NB: In this post, I will use the abbreviation $TM_P$ to stand for a symmetric truncated (or trimmed) mean that discards the largest and smallest $P/2$ percent of the data. In fact, for concreteness I will refer mostly to $TM_{50}$, but the same question could be asked for any other "similar value" of $P$.
Question
What are situations for which a sound statistical basis exists to prefer $TM_{50}$ (or $TM_P$ for some other more appropriate $P$) over the median as measure of the data's central tendency?
EDIT: (In response to Nick Cox's ridiculing of my wording.) Here's an example of the sort of justification (speaking very broadly) I had hoped for. Q: Why choose the median over the mean? A: For robustness against outliers. The mean can be made anything one wants by a single sufficiently extreme outlier, whereas the median is naturally immune to such an instability; no outlier censoring required.
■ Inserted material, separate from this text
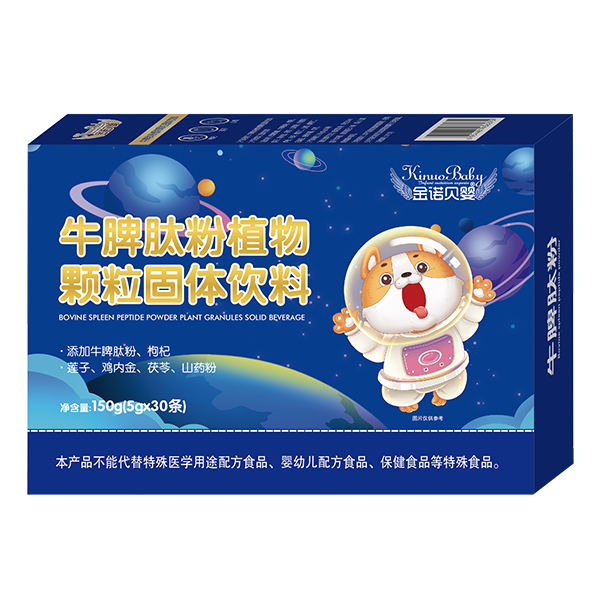 金諾貝嬰牛脾肽粉植物顆粒固體飲料.jpg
Granted, very extreme outliers are probably entirely tangential to the process under study, but this reasoning still vividly underscores the robustness of the median. There's nothing subjective about it, it's a mathematical fact, even if different people find the same mathematical fact more or less problematic.
Background
I cannot think of a justification for using $TM_{50}$ that does not apply equally well to the median 1. Furthermore, I figure that, as summary statistics go, the median is the conceptually and analytically simpler of the two (and, therefore, the more thoroughly studied and better characterized one). Thus, my gut reaction is to always prefer the median over $TM_{50}$. The motivation for this thread is to either confirm or refute this gut reaction.
1 Of course, the median can be thought of as, roughly, the limit of $TM_P$ as $P \to 100$. Therefore, I figure that any justification for using $TM_P$ over the median can only get weaker as $P \to 100$. An analogous consideration applies when $P \to 0$, if we also replace the median with the mean.